Margrethe Vestager réfute par écrit les critiques de Jack Lew

Bruxelles, 29/02/2016 (Agence Europe) - La commissaire chargée de la Concurrence, Margrethe Vestager, a répondu, lundi 29 février, à la lettre du secrétaire du Trésor américain, Jack Lew, quant aux enquêtes sur de potentielles aides d'État accordées à des entreprises par le biais d'avantages fiscaux. Pour rappel, dans cette lettre, Jack Lew estimait que ces enquêtes créaient « des précédents fiscaux internationaux inquiétants » et semblaient cibler des entreprises américaines sans justification suffisante.

« Les règles sur les aides d'État sont en place presque depuis le début de l'Union européenne, car elles sont une nécessité fondamentale pour protéger le Marché unique contre (la possibilité qu'un) État membre s'engage dans une course dommageable aux subsides ou utilise des fonds publics pour permettre à des entreprises de faire concurrence de manière déloyale à leurs rivales », écrit Mme Vestager dans sa lettre. « Les règles s'appliquent à toutes les entreprises qui opèrent dans le marché unique de l'UE, petites ou grandes, en faisant abstraction du fait qu'elles soient européennes ou proviennent de l'extérieur de l'UE », poursuit-elle. La commissaire explique que la Commission adopte environ 500 décisions par an sur des mesures d'aides d'État et que chaque cas est apprécié selon ses propres mérites et dans le respect complet d'une procédure juridique. « Depuis 1999, la Commission a adopté environ 170 décisions ordonnant à un État de récupérer une aide d'État illégale à des entreprises, et seule une poignée concernait des entreprises américaines », précise encore la commissaire.

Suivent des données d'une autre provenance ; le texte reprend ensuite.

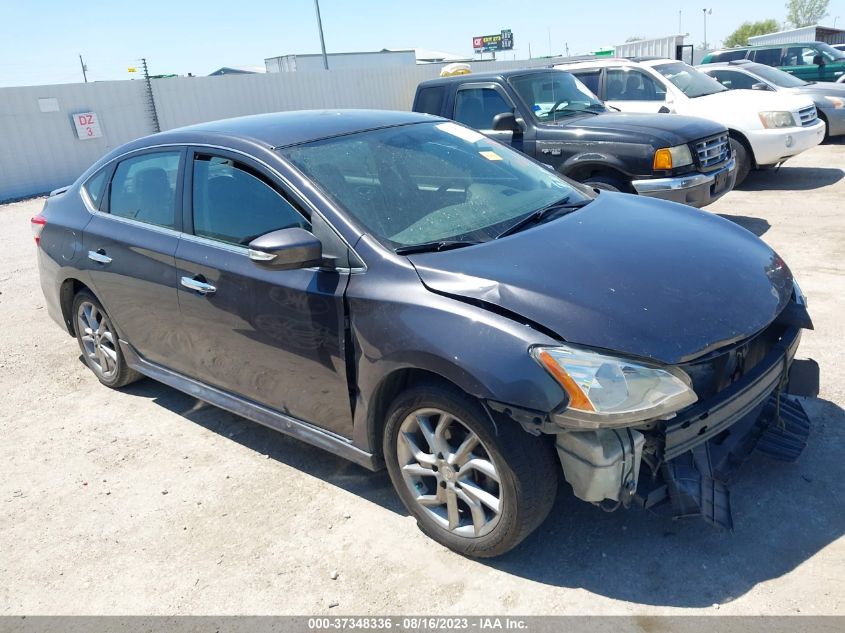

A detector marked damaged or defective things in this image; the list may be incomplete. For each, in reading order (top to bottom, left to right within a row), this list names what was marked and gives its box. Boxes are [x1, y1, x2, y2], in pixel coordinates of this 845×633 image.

exposed headlight assembly [652, 144, 692, 170]
exposed headlight assembly [760, 111, 796, 128]
damaged dark sedan [33, 111, 812, 556]
exposed headlight assembly [532, 344, 696, 428]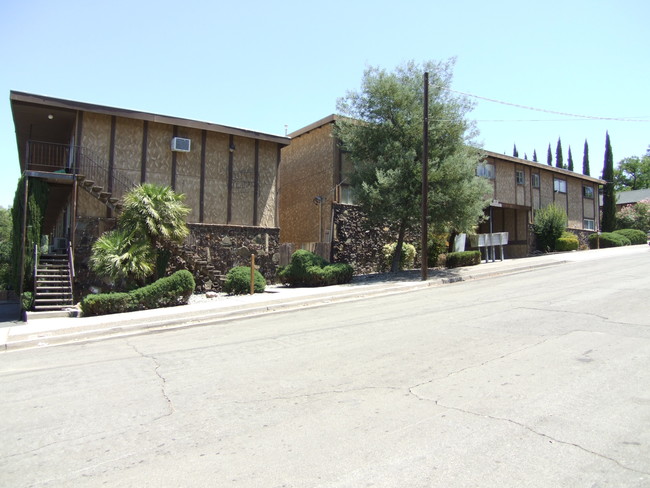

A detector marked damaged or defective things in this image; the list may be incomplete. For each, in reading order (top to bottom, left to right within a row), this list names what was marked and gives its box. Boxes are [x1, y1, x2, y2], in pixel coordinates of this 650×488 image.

cracked asphalt road [1, 250, 648, 486]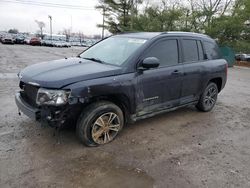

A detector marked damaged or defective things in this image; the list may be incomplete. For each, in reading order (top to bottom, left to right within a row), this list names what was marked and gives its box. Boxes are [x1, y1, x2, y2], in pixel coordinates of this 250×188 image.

crumpled hood [19, 57, 122, 88]
damaged front bumper [15, 91, 77, 127]
broken headlight [35, 88, 70, 106]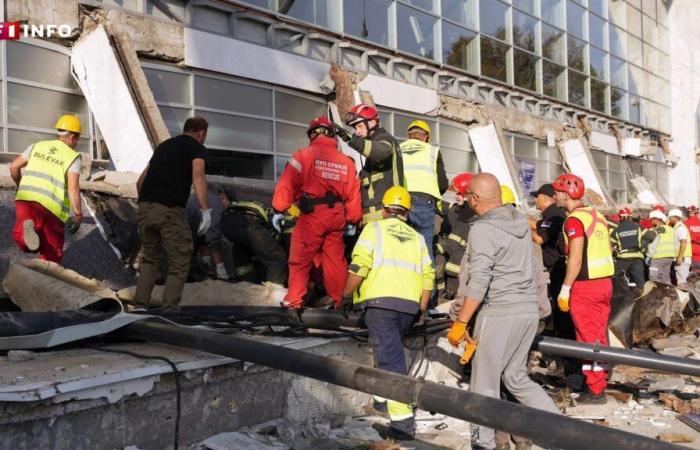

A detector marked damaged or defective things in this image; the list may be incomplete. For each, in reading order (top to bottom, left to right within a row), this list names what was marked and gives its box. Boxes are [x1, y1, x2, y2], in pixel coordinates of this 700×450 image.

broken concrete beam [2, 262, 113, 312]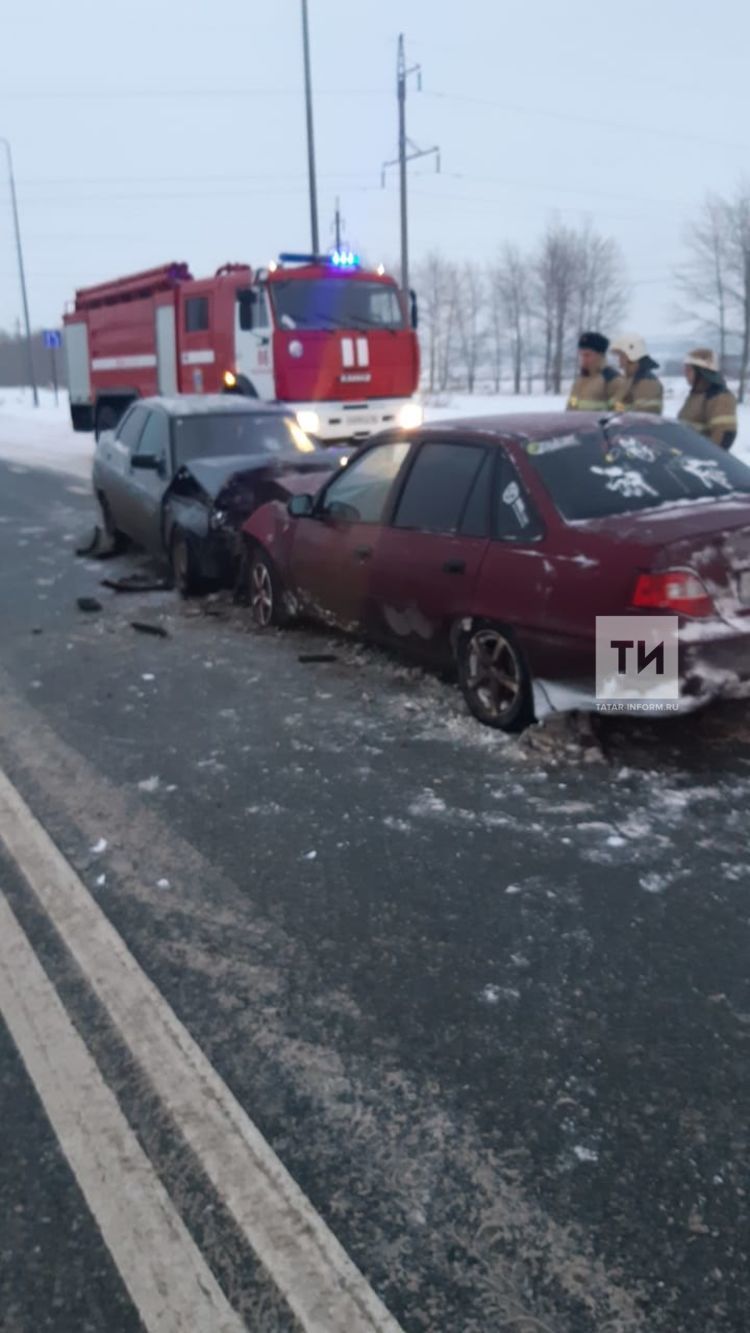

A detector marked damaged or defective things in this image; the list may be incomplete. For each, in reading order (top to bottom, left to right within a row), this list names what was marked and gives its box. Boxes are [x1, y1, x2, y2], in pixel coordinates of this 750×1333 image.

damaged dark sedan [92, 392, 346, 596]
damaged burgundy sedan [92, 394, 346, 596]
damaged burgundy sedan [244, 414, 750, 732]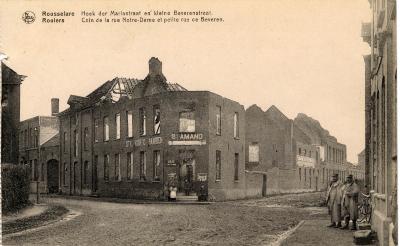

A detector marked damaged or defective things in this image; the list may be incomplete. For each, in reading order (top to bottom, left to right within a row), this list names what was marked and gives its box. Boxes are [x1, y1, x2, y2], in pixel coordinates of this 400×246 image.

damaged brick building [59, 58, 247, 201]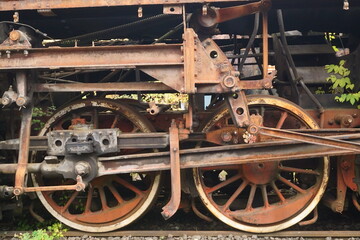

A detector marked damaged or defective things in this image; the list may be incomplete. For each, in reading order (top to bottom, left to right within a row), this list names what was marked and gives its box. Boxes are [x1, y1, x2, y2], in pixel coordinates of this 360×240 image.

rusty metal bracket [162, 120, 181, 219]
rusty surface [162, 121, 181, 220]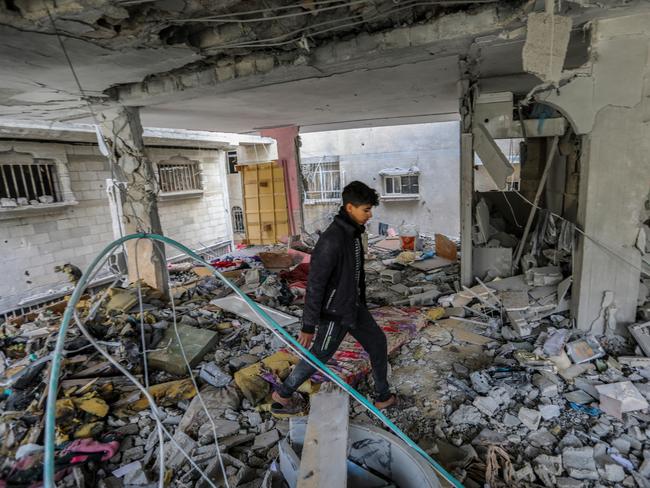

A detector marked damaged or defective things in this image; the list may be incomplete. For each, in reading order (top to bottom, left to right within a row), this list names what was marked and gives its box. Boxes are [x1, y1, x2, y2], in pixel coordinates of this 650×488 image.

damaged wall [0, 141, 232, 312]
damaged wall [300, 121, 458, 237]
damaged wall [540, 13, 648, 334]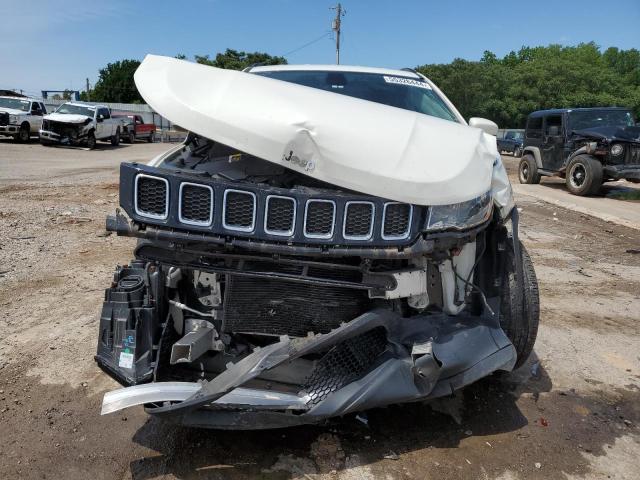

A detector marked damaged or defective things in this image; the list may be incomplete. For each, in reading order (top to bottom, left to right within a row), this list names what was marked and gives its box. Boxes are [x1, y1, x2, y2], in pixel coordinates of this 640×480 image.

crumpled white hood [134, 55, 500, 205]
cracked headlight lens [424, 190, 496, 232]
damaged front bumper [104, 308, 516, 428]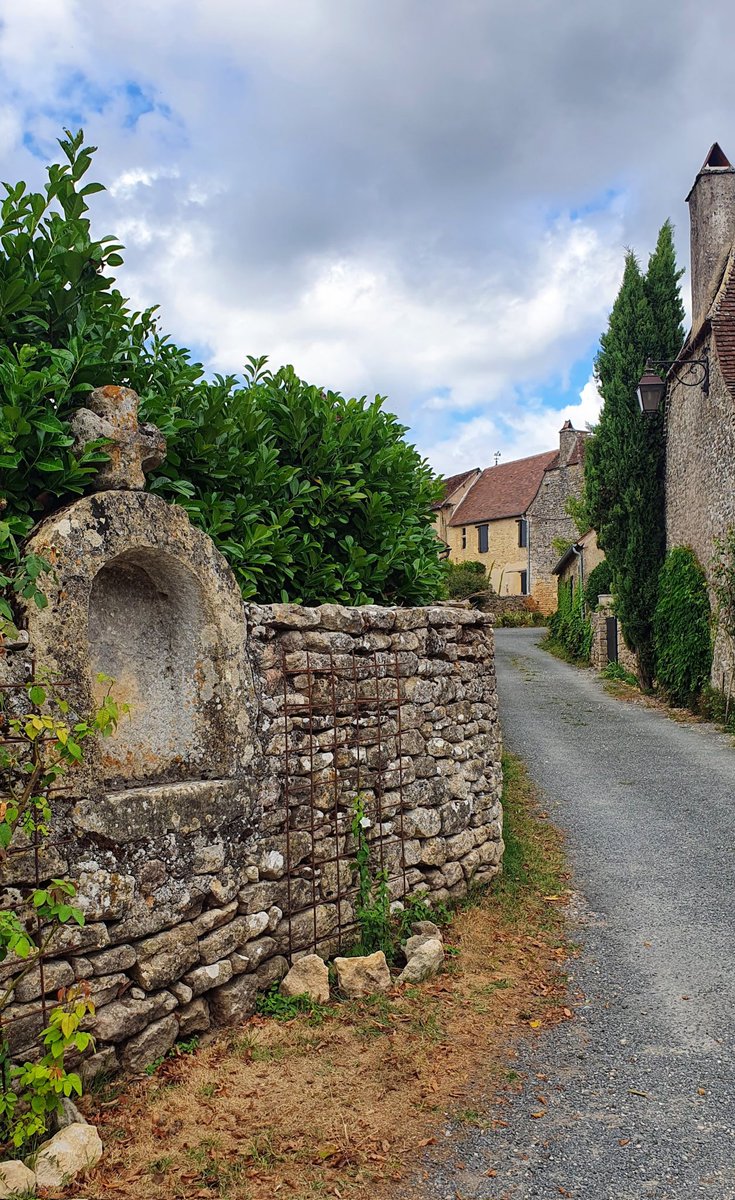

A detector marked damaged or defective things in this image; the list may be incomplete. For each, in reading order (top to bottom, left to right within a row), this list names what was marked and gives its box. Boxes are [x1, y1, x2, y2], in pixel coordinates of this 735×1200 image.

Expliquant que le contrôle des aides d'État est spécifique à l'UE, la commissaire dit espérer que M. Lew sera d'accord sur le fait que, si une autorité fiscale nationale donne un traitement fiscal plus avantageux à certaines entreprises par rapport à d'autres opérant dans le même pays, cela pourrait causer des distorsions de concurrence. « J'espère aussi que nous pourrons être d'accord sur le fait que les systèmes fiscaux des États de l'UE leur permettent de taxer les profits générés par des entreprises opérant sur leur territoire, y compris des entreprises américaines (…). Cela ne remet pas en question le système fiscal américain et ne va pas à l'encontre des conventions fiscales contre la double imposition conclues par les États membres », ajoute-t-elle.

Elle explique enfin que le prix des transactions intragroupes doit refléter les conditions du marché et que ces transactions ne peuvent être basées sur des prix de transfert sans justification économique. La commissaire conclut en estimant que les règles sur les aides d'État ne visent pas à pénaliser une entreprise, mais à restaurer une égalité de traitement entre celle-ci et ses concurrentes. (Elodie Lamer)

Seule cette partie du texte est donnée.